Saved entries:
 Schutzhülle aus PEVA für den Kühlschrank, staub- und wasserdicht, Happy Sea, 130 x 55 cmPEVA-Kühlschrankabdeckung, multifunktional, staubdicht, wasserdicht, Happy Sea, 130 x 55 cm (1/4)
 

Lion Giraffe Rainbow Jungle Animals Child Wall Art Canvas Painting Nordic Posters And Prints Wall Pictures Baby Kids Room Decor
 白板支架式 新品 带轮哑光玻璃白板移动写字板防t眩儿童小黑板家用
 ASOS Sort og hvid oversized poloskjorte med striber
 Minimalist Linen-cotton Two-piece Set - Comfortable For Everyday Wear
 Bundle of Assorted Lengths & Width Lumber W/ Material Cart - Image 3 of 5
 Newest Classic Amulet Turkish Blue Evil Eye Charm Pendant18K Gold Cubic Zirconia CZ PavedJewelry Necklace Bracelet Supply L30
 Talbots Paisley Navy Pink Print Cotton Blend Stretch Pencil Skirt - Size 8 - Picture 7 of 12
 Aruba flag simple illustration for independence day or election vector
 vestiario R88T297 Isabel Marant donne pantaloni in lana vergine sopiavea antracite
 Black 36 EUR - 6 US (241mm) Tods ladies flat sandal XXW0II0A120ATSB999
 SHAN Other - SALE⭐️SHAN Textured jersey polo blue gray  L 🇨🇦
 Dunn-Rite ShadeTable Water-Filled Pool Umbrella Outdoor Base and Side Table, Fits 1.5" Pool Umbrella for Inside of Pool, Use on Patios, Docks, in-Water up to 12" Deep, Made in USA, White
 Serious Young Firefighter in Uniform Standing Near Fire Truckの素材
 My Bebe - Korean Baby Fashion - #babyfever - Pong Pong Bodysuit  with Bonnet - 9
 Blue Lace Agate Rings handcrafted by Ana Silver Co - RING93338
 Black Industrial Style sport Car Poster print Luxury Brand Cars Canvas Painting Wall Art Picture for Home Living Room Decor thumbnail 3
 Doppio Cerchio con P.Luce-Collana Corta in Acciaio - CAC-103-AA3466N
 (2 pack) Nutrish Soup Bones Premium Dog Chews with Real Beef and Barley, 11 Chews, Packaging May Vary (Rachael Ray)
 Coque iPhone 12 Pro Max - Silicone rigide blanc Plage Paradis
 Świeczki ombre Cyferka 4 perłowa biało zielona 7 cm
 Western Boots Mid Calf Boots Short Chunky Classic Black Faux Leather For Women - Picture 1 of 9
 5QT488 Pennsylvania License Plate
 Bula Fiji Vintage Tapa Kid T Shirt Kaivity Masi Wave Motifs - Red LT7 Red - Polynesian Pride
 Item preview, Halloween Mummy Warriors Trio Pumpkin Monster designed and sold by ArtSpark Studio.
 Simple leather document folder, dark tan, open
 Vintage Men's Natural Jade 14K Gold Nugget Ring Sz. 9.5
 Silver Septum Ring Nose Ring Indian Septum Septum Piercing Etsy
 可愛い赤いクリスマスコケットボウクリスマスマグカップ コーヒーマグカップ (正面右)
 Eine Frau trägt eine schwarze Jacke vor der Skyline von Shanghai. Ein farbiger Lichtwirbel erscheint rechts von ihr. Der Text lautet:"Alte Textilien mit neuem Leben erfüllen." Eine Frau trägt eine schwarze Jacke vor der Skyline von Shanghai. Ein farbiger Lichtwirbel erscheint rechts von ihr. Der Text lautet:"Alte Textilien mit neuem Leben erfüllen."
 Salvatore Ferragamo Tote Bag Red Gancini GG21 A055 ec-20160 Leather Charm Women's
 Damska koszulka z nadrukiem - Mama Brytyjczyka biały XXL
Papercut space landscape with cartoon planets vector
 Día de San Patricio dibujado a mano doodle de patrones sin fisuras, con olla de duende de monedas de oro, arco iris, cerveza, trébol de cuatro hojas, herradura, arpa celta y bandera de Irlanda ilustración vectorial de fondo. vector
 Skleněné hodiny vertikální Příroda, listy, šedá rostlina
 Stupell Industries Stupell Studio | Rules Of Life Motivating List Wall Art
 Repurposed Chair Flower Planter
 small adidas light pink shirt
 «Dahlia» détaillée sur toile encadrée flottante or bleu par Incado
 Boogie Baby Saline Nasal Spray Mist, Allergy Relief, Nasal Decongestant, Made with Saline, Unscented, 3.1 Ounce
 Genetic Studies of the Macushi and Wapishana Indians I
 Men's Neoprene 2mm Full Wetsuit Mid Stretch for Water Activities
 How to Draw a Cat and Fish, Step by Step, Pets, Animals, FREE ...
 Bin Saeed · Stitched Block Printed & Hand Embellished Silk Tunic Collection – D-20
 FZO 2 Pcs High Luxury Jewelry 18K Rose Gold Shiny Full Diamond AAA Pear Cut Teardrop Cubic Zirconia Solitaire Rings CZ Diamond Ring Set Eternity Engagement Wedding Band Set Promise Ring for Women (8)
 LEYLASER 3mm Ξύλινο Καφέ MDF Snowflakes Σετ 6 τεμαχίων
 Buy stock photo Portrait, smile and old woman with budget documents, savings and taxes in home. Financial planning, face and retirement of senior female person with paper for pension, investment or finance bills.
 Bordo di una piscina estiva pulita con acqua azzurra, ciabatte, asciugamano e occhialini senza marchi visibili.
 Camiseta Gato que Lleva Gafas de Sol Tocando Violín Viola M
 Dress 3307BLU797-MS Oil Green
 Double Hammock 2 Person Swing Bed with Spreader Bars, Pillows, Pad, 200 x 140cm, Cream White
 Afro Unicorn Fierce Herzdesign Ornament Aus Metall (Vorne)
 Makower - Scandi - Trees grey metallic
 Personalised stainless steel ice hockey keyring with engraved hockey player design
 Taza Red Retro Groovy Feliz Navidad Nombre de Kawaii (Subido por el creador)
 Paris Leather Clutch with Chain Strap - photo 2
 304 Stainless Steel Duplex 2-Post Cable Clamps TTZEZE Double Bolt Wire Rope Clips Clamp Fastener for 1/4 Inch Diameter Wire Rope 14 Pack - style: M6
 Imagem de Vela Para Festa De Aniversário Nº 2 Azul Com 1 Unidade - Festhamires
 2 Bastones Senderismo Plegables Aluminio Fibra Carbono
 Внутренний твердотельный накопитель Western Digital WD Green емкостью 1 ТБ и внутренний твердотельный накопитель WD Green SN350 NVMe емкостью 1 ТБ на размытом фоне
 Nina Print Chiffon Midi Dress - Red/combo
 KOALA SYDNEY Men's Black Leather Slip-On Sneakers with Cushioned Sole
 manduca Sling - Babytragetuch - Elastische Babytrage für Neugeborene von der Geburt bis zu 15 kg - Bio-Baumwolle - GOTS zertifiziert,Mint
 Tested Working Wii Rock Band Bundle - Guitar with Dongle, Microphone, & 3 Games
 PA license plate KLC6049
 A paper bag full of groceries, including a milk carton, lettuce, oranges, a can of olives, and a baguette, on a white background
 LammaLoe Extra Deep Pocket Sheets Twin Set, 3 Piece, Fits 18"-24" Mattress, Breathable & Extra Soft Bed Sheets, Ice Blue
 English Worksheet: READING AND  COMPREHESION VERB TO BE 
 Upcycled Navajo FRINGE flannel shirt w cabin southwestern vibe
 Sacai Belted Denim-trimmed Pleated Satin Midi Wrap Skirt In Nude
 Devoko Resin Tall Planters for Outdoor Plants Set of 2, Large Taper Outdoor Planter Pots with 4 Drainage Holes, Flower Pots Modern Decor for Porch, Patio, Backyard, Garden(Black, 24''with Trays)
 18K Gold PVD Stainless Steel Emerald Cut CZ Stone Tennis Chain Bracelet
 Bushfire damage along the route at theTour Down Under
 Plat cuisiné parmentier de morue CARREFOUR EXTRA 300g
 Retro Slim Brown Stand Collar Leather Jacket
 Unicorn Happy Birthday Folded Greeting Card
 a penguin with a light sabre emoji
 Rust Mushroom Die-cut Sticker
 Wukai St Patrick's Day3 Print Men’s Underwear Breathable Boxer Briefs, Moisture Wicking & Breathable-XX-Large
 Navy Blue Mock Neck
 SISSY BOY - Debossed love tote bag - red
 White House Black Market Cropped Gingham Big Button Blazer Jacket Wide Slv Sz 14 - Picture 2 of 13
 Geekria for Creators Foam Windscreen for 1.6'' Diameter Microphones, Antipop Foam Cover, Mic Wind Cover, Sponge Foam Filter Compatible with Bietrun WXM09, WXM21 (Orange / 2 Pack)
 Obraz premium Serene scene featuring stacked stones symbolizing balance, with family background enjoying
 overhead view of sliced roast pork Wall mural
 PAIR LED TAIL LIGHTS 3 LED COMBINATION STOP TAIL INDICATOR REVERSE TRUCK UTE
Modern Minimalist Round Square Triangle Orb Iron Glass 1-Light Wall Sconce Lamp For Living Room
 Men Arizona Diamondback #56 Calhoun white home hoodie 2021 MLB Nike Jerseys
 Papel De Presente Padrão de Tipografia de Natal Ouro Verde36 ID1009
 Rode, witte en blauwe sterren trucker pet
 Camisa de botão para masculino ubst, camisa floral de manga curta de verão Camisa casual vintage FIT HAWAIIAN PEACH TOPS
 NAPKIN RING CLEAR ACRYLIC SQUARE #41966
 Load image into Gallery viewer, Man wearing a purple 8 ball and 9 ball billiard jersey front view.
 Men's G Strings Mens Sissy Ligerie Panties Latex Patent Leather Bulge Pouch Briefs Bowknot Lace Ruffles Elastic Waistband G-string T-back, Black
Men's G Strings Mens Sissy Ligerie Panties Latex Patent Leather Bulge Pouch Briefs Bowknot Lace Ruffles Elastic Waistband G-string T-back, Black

### WHAT YOU WILL DO
Print, from the entries above, the line with "Día de San Patricio", the line with "How to Draw" and all lines between them, exactly and with nothing else.

### YOUR SOLUTION
 Día de San Patricio dibujado a mano doodle de patrones sin fisuras, con olla de duende de monedas de oro, arco iris, cerveza, trébol de cuatro hojas, herradura, arpa celta y bandera de Irlanda ilustración vectorial de fondo. vector
 Skleněné hodiny vertikální Příroda, listy, šedá rostlina
 Stupell Industries Stupell Studio | Rules Of Life Motivating List Wall Art
 Repurposed Chair Flower Planter
 small adidas light pink shirt
 «Dahlia» détaillée sur toile encadrée flottante or bleu par Incado
 Boogie Baby Saline Nasal Spray Mist, Allergy Relief, Nasal Decongestant, Made with Saline, Unscented, 3.1 Ounce
 Genetic Studies of the Macushi and Wapishana Indians I
 Men's Neoprene 2mm Full Wetsuit Mid Stretch for Water Activities
 How to Draw a Cat and Fish, Step by Step, Pets, Animals, FREE ...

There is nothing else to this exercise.